É preciso valorizar todos os profissionais de saúde
Mais de um milhão e 300 mil portugueses sem médico de famílias, serviços de urgência que encerram por falta de especialistas, redução de camas hospitalares, eis alguns exemplos que ilustram a situação difícil que hoje se vive no SNS e que, na óptica do PCP, resulta em larga medida de uma política de contínua desvalorização de todos os profissionais de saúde.
«Se hoje o SNS está confrontado com muitas dificuldades, não foi por falta do PCP alertar e apontar soluções que os partidos de direita têm recusado, da qual o PS é cúmplice e responsável por recusar o caminho de salvar o SNS», afirmou o deputado comunista João Dias, trazendo a lume como facto mais recente comprovativo da sua asserção a ausência no Orçamento do Estado 2022 de «soluções para salvar o SNS».

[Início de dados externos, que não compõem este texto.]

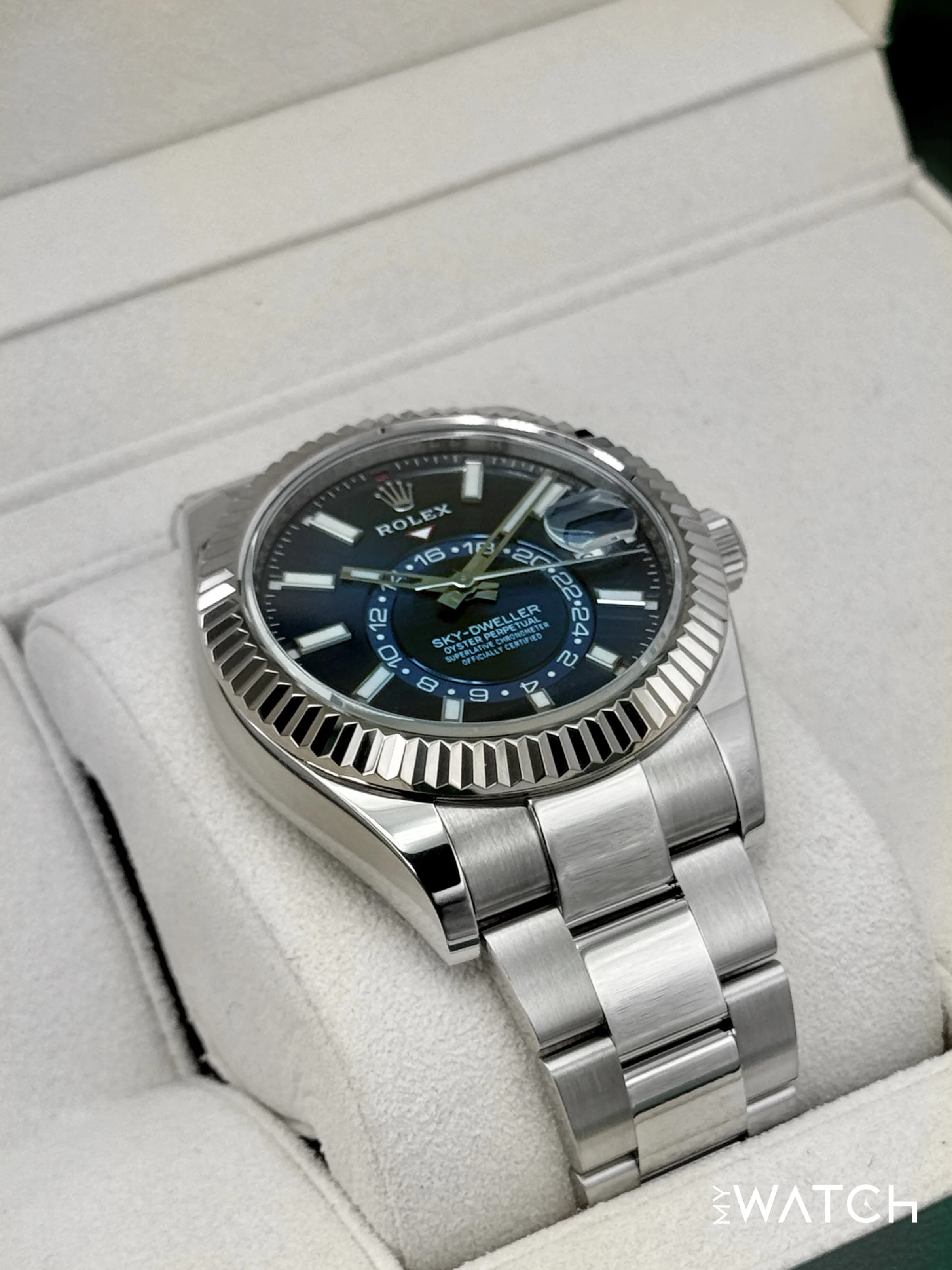 2022 Rolex Sky-Dweller 42mm 326934 Stainless Steel Oyster Blue Dial - Image 6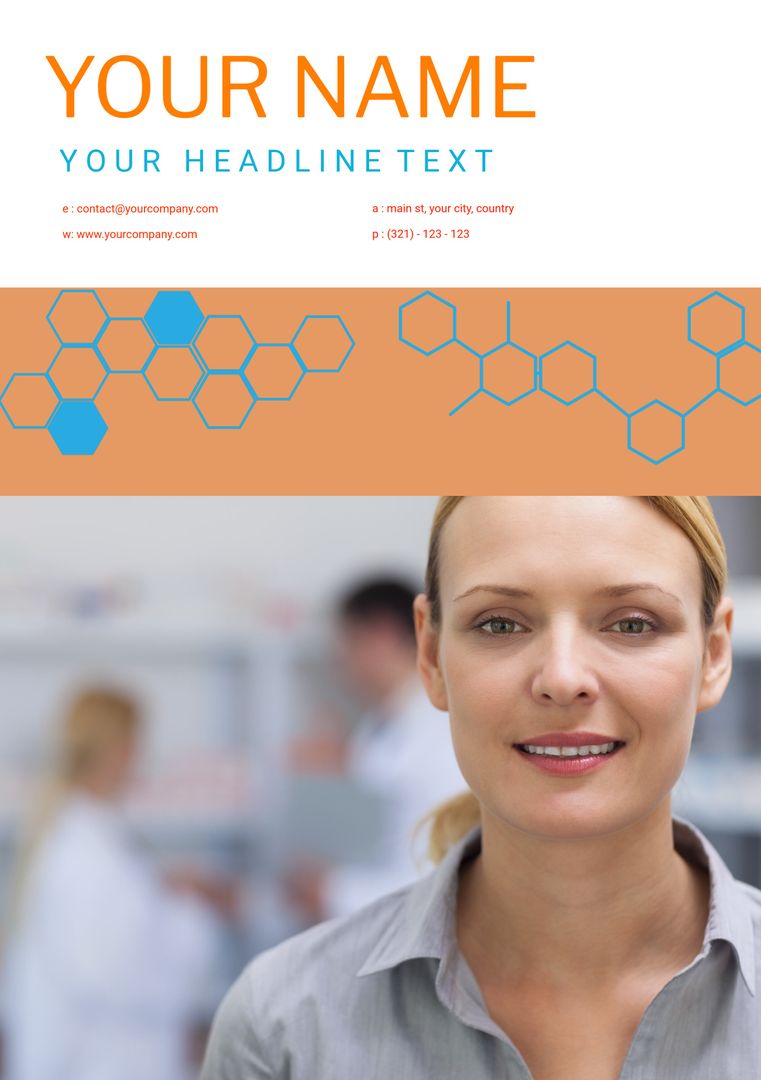 Professional Woman in Office Ideal for Corporate Branding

O parlamentar comunista, que falava em plenário no dia 15, em declaração política em nome da sua bancada, centrada na situação no SNS, defendeu por isso que «é preciso criar condições para que não saiam mais médicos e enfermeiros do SNS», fazendo simultaneamente um caminho para a sua contratação «para as especialidades em que são necessários e para garantir médico e enfermeiro de família a todos os portugueses».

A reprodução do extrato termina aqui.